- [PROBLEM REQUIREMENTS]:
Locate the line containing "X0000060780442200511101012", then please write out that line and all the lines below it in the entries exactly.

- [RECORD EXCERPTS]:
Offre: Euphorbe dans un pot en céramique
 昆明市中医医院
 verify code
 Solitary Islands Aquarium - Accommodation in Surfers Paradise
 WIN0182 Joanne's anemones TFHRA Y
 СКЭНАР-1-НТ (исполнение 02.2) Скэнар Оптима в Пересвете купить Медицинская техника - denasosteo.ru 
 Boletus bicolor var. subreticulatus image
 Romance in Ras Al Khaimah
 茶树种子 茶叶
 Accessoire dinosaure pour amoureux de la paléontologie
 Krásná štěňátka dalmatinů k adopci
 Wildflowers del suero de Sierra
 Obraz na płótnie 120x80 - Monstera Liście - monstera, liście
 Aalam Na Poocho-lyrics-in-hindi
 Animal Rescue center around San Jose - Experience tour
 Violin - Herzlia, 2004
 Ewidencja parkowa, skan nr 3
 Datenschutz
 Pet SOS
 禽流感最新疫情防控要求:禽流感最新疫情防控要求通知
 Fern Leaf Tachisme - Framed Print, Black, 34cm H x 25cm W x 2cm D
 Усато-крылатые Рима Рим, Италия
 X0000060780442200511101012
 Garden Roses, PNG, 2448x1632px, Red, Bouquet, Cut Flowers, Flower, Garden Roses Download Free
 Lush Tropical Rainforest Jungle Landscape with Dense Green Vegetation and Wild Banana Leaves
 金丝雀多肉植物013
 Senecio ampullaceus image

- [RESULT]:
 X0000060780442200511101012
 Garden Roses, PNG, 2448x1632px, Red, Bouquet, Cut Flowers, Flower, Garden Roses Download Free
 Lush Tropical Rainforest Jungle Landscape with Dense Green Vegetation and Wild Banana Leaves
 金丝雀多肉植物013
 Senecio ampullaceus image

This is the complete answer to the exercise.